IN/MSX: Running 4 Copies of an Operating System at Once (2008)

cpr · on May 2, 2014

Yep, sounds familiar.

At Imagen (a Stanford TeX project spin-off started by Knuth's sidekick Luis Trabb Pardo, building the first typesetting-capable commercial laser printers using, at first, wet-process Canon imaging engines (LBP-10)) in the early 80's, we used the same Sun board (Andy Bechtolsheim, the designer, was a consultant for us while he started up Sun).

I wrote our own "real-time OS" on the bare 68K Sun hardware (first time I'd ever written a full (if simple) OS from scratch), and remember fairly vividly the hard-knocks learning experience about race conditions just like the one he describes here.
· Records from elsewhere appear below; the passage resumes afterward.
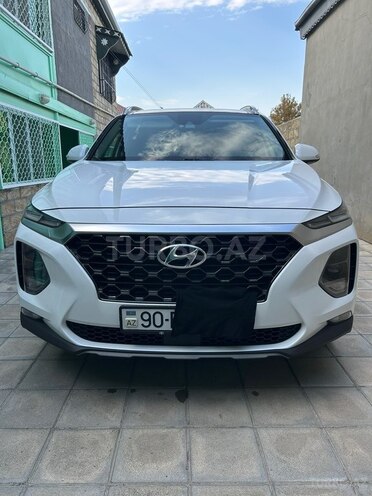 Hyundai Santa Fe 2019, 106,000 km - 2.4 л - Yevlax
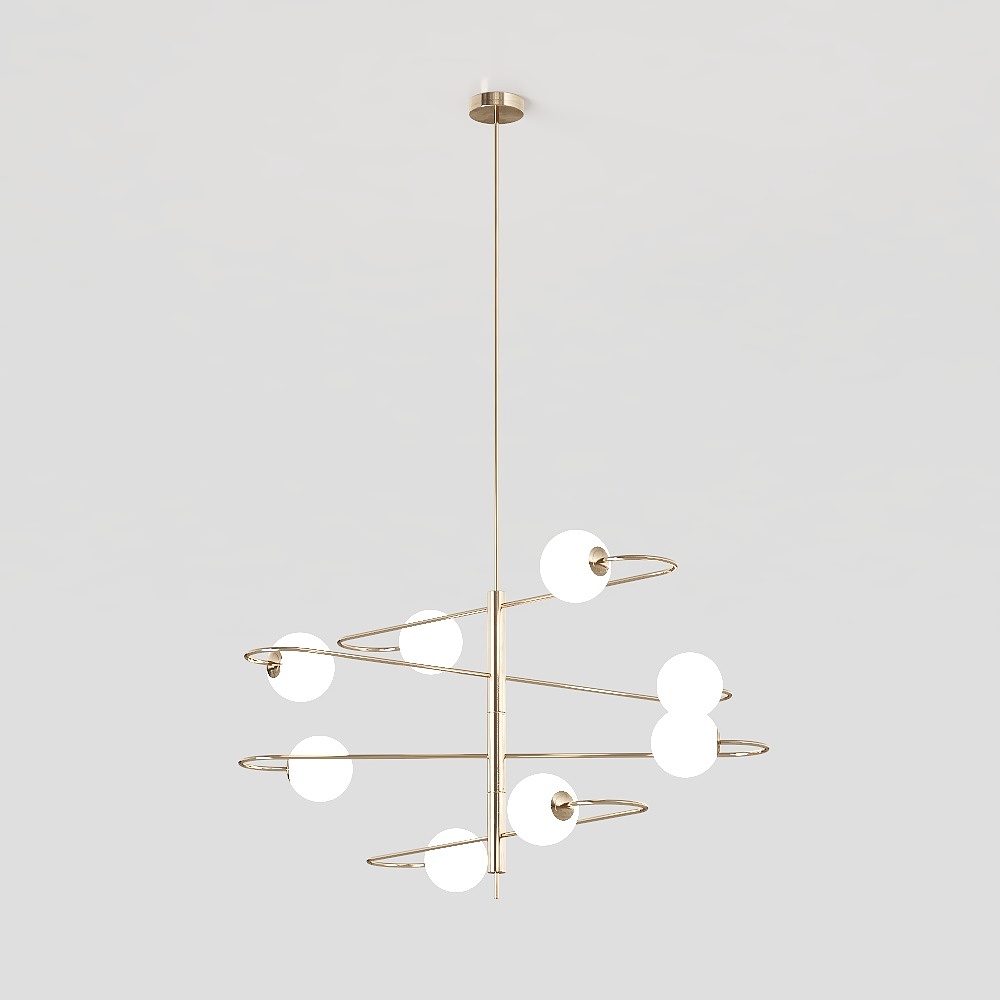 European Art Pendant Light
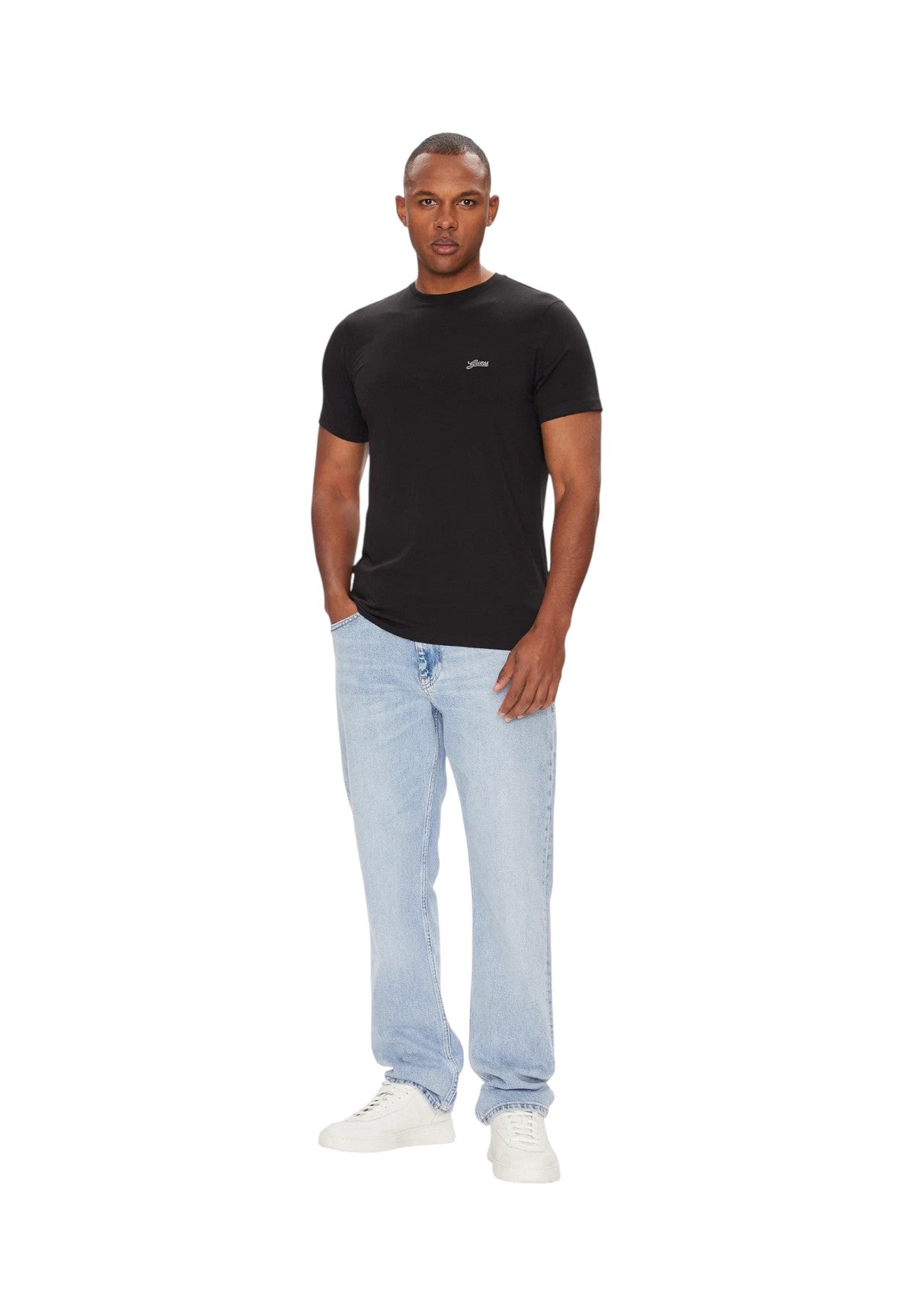 T-shirt a Maniche Corte M4GI70 Jet Black A996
Running for hours or days without error and then crashing randomly--nightmare time.

Luckily, we also had an ace hardware guy, Kok Chen, from the Stanford SETI project, and he and I and the logic analyzer would run test setup and lie in wait for the condition to show up, then look back in time at all the (Multi)bus transactions to see what actually happened. (Kok later moved to Apple and became a distinguished engineer, one of very few folks who could work on whatever they wanted.)

jeffbarr · on May 2, 2014

I had a lot of fun doing this project as a young developer who had no idea what could and could not be done with access to a raw machine.

Zenst · on May 2, 2014

Indeed as we get older we add more realistic limits into our lifes, having already defined our boundary markers. Also got more layers between you and the metal. But many have thinks they did in there youths that today would be things they would avoid. That said we often chucked in the level of commitment work wise that you would only see today in a founder of a company. That was the norm back then and today, it is the exception.

Morgawr · on May 2, 2014

This reminds me of a (much much simpler) assignment for my Operating System class during my Bachelor. We had to develop our own microkernel with multitasking on a MIPS virtual machine. Setting up the scheduler was easy but handling interrupts and message passing in a way that each task would not incur into some context switching while a message was not yet fully acknowledged/replied was hell.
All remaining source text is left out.